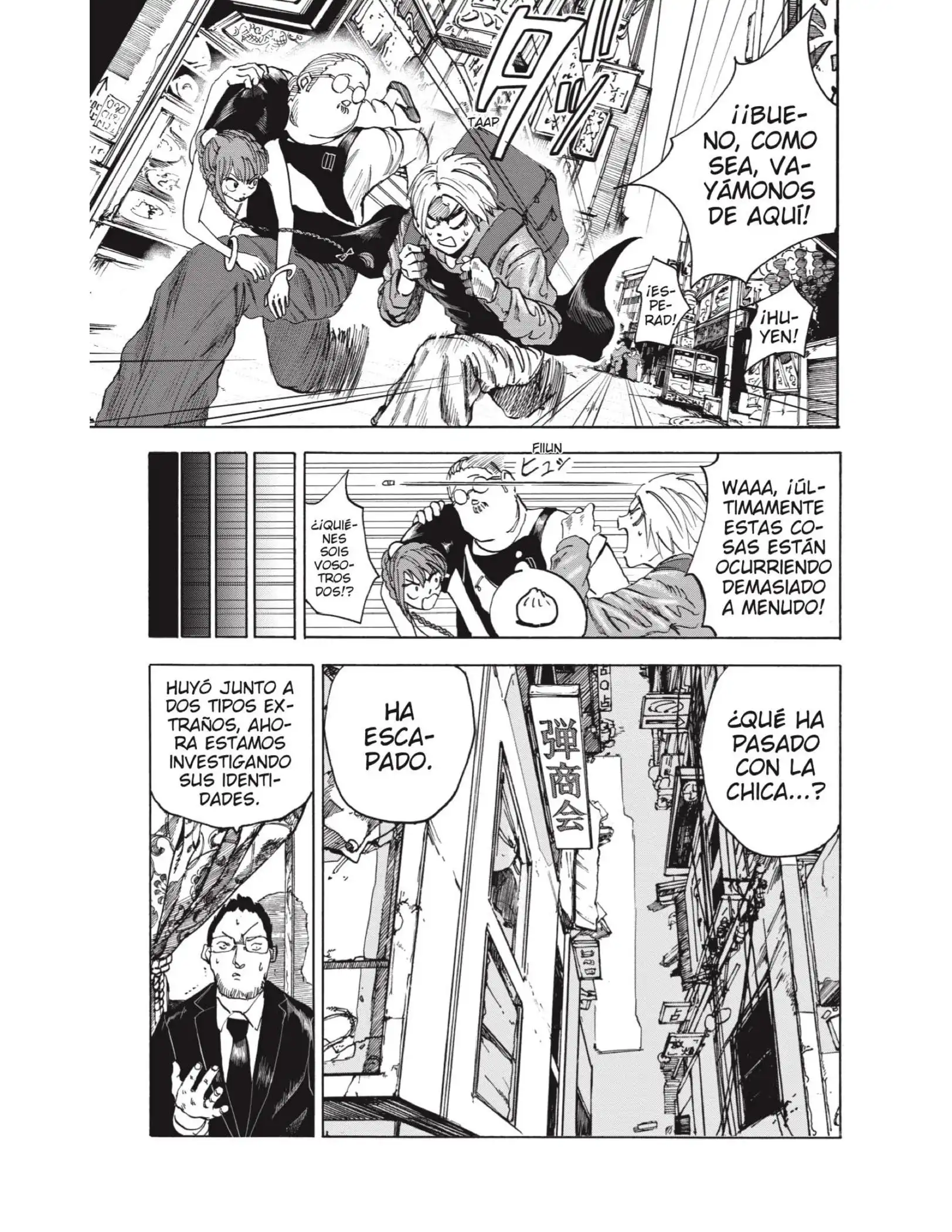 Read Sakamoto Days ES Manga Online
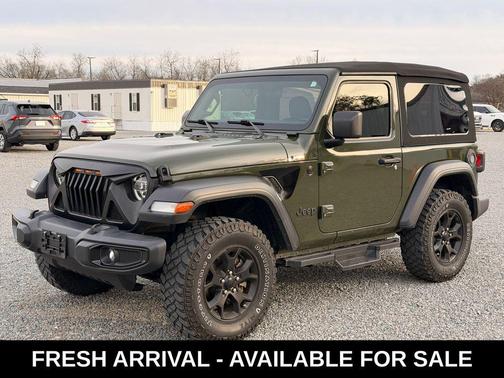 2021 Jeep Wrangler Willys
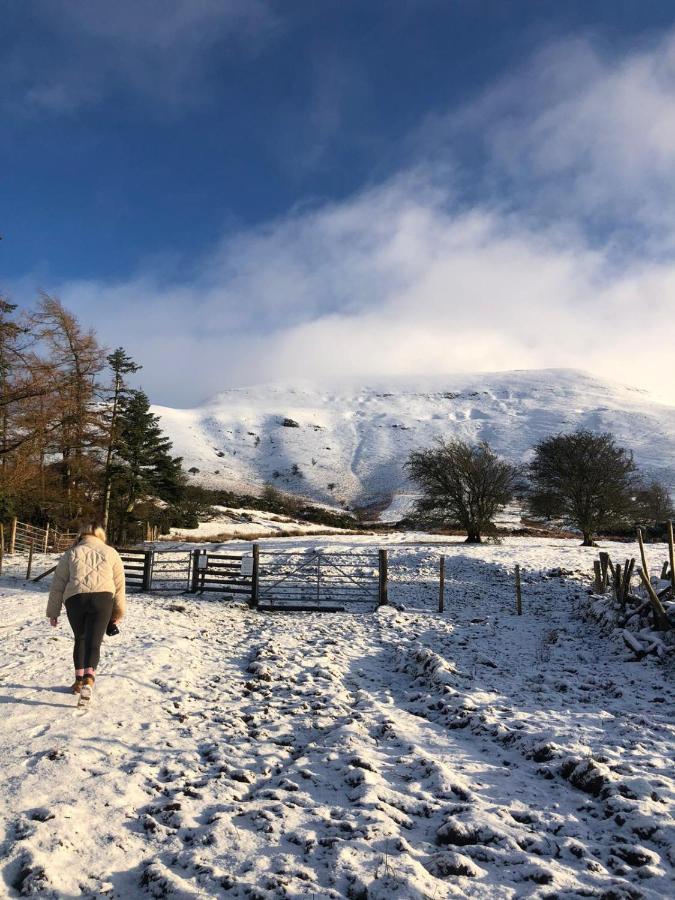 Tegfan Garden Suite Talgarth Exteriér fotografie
━━━━━━━━
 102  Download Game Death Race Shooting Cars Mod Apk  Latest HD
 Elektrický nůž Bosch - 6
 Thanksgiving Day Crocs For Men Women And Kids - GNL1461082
━━━━━━━━
-- Task to complete --
Looking at the entries above, can you reproduce exactly the lines from the one that holds "Download Game Death" through the one that holds "Thanksgiving Day Crocs", and only those?

-- Finished exercise --
 102  Download Game Death Race Shooting Cars Mod Apk  Latest HD
 Elektrický nůž Bosch - 6
 Thanksgiving Day Crocs For Men Women And Kids - GNL1461082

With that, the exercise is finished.